● **Prompt**:
A picture-free, exact transcript of the entries below is required.

[Data excerpts]
'''

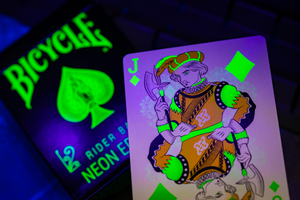 Bicycle Neon Rider Back Green-Glow Deck Playing Cards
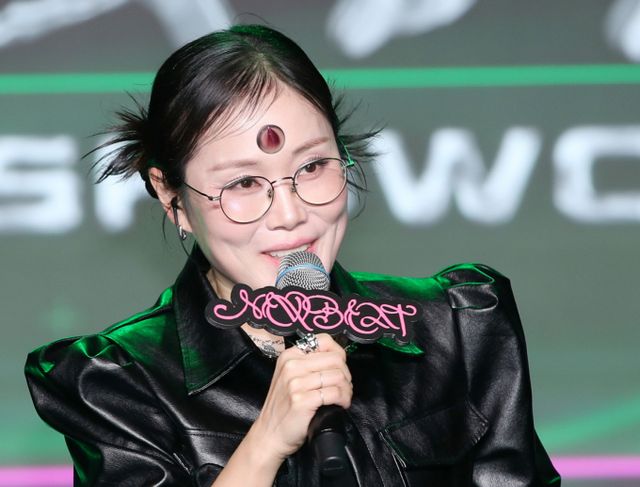 방송인 박슬기가 해외 여행을 다녀온 이후 모 항공사에 불만을 제기했다. 사진은 지난달 24일 서울 강남구 일지아트홀에서 열린 정규 1집 'RAW AND RAD' 발매 기념 데뷔 쇼케이스에 참석한 방송인 박슬기. /사진=스타뉴스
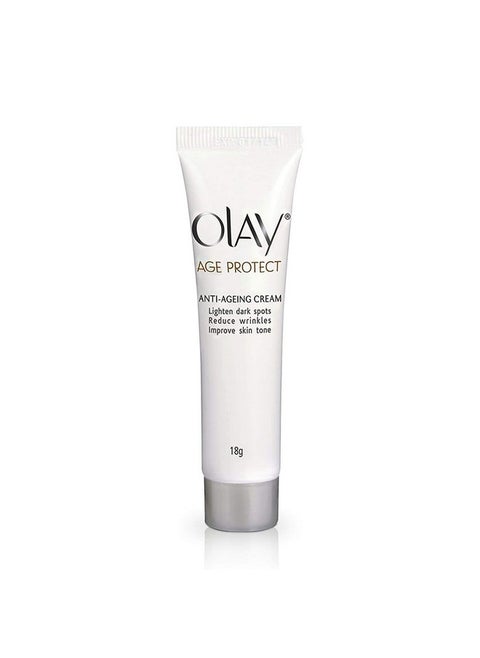 Olay Age Protect Anti-Ageing Cream | Lightens Dark Spots and Reduces Wrinkles | Normal, Oily, Dry, Combination Skin | 18g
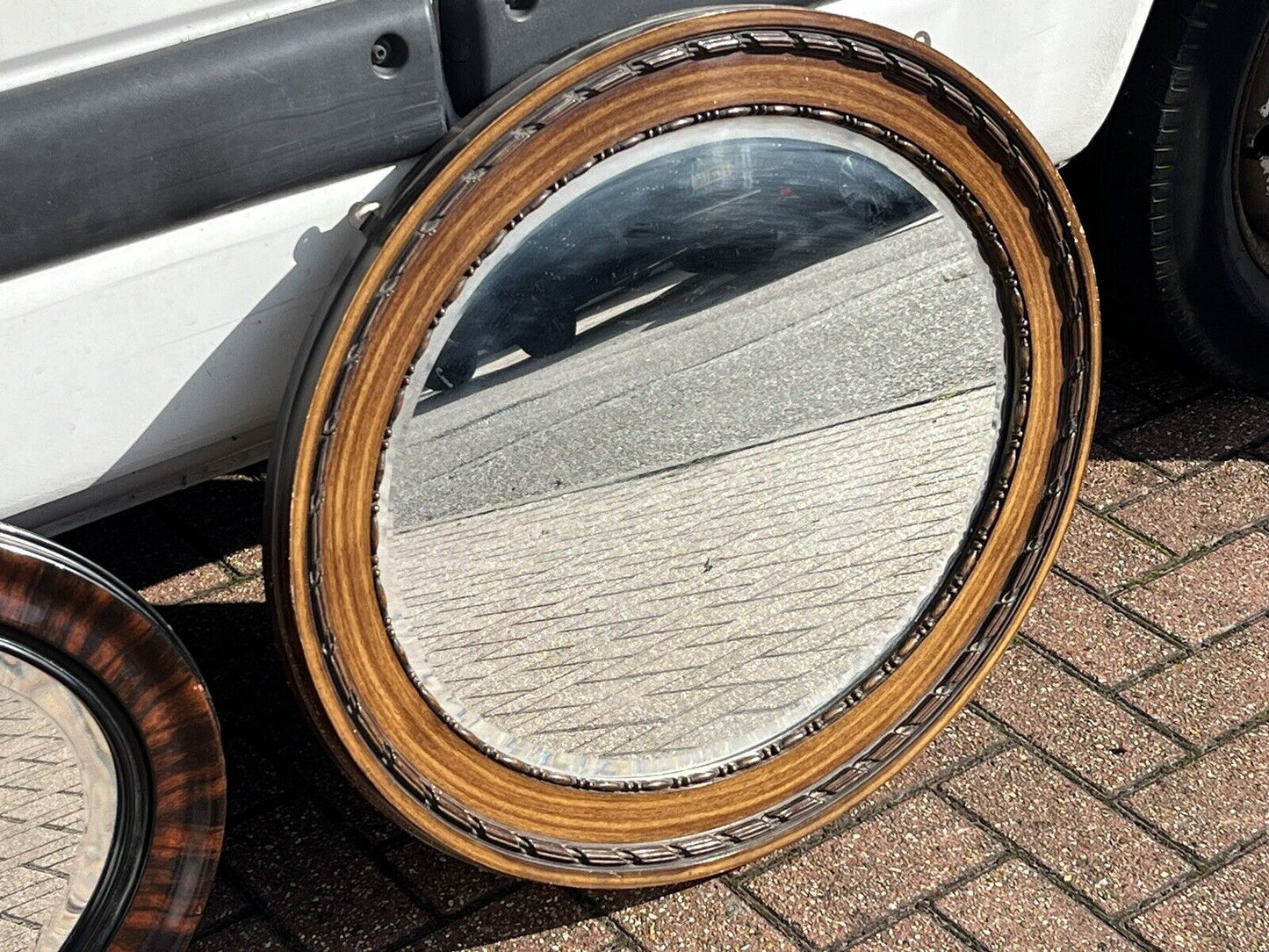 1930's Wall Mirrors. Bevelled Edge Glass.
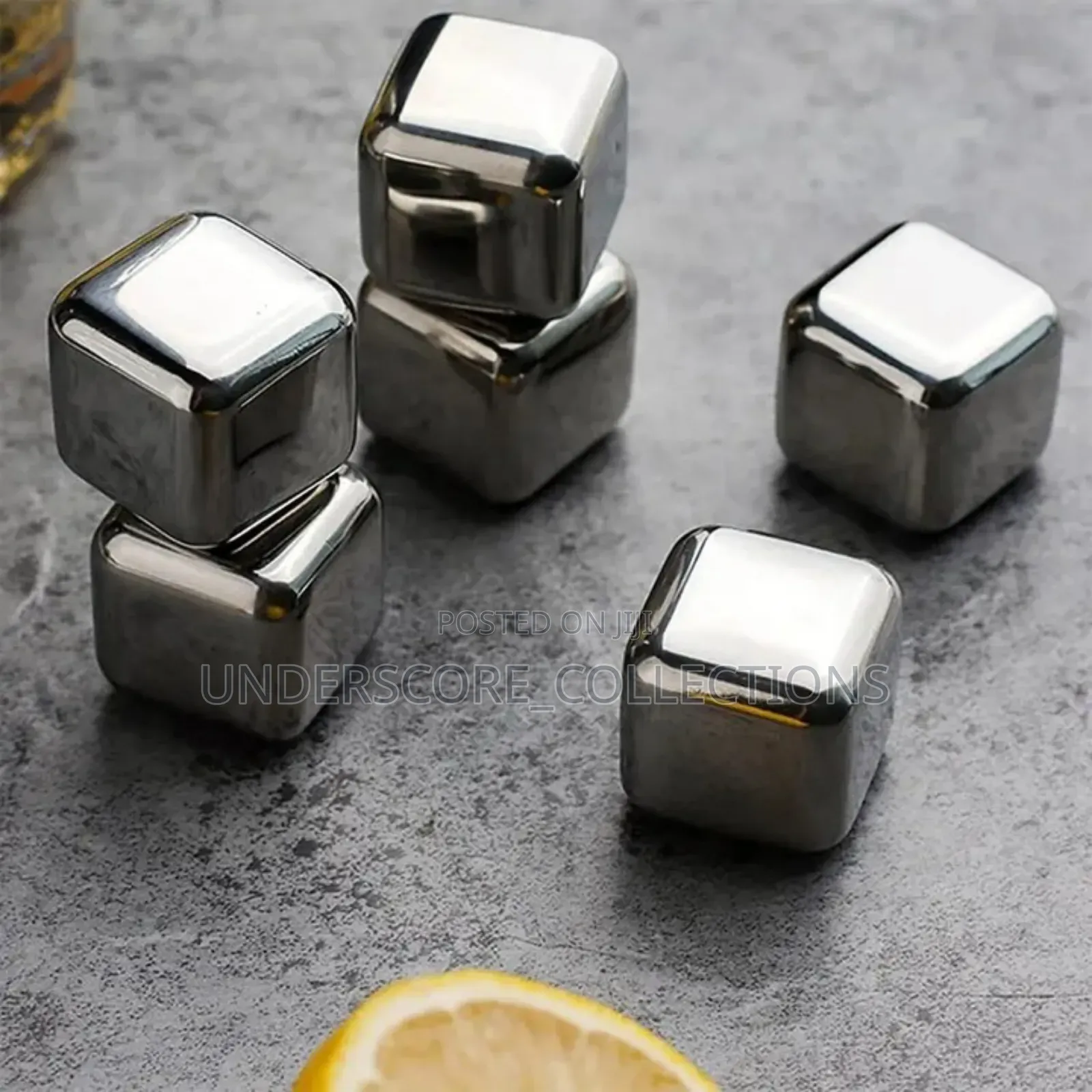 Stainless Steel Square Whiskey Stones
Cooling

'''

● **Response area**:
 Bicycle Neon Rider Back Green-Glow Deck Playing Cards
 방송인 박슬기가 해외 여행을 다녀온 이후 모 항공사에 불만을 제기했다. 사진은 지난달 24일 서울 강남구 일지아트홀에서 열린 정규 1집 'RAW AND RAD' 발매 기념 데뷔 쇼케이스에 참석한 방송인 박슬기. /사진=스타뉴스
 Olay Age Protect Anti-Ageing Cream | Lightens Dark Spots and Reduces Wrinkles | Normal, Oily, Dry, Combination Skin | 18g
 1930's Wall Mirrors. Bevelled Edge Glass.
 Stainless Steel Square Whiskey Stones
Cooling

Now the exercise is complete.